Before O’Malley, Newman, and Taranto. Appeal from the Patent Trial and Appeal Board.
Summary: Establishing a motivation to combine two references for an obviousness determination in an IPR requires evidentiary support, and may not rely on evidence from non-instituted grounds.
ZTE requested inter partes review of IPR Licensing’s patent citing obviousness based on multiple references and multiple grounds. The Board instituted on a single ground and denied the other asserted grounds as redundant. The Board then invalidated all challenged claims on the instituted ground. The Federal Circuit upheld the invalidity determinations for two of the three claims, and reversed and remanded the finding of invalidity of the third claim because it found there was insufficient evidentiary support in the Board’s analysis regarding the motivation to combine. On remand, the Board yet again invalidated the remanded claim with very similar reasoning to its first decision but relied on a new reference in its determination. The new reference was asserted in other, non-instituted grounds but not in the instituted ground. IPR Licensing appealed a second time.
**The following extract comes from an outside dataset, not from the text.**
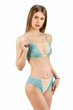 Комплект женский кружевной топ и трусики-бразилиана Felisiya Lingerie Желтый 2009+209-007с1741 S - изображение 1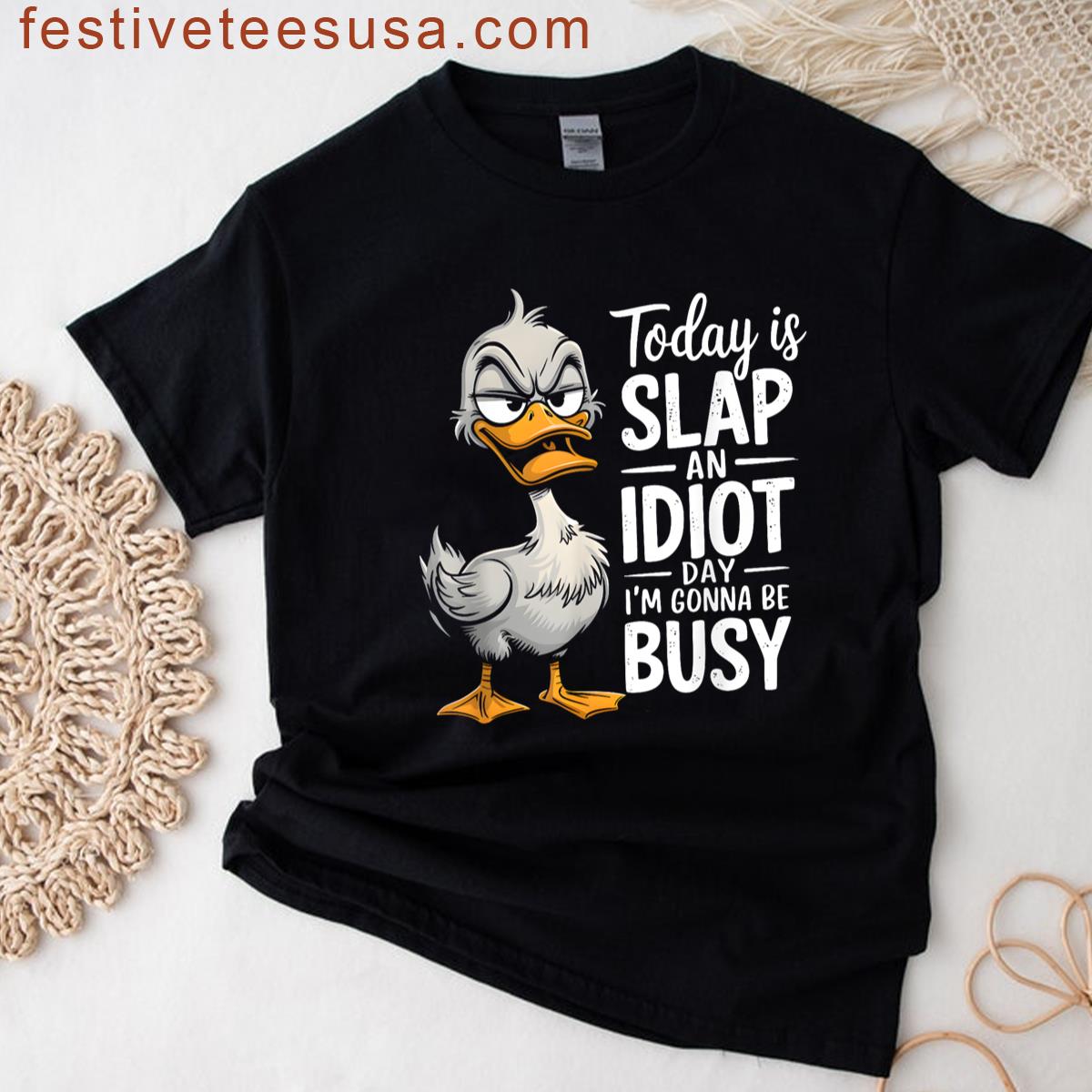 Funny Quote Duck Design T-shirt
IPR Licensing argued that the Board improperly relied on prior art that was not asserted in support of the only instituted ground. The Federal Circuit agreed. The Federal Circuit held that the Board may not rely on evidence from non-instituted grounds. The Federal Circuit further explained that allowing arguments to rest on such evidence would deny patent owners the opportunity to rebut or anticipate such arguments. Because the Board relied on the same reasoning the Federal Circuit rejected in the first appeal, and further relied on evidence outside the instituted ground, the Federal Circuit reversed the Board’s decision.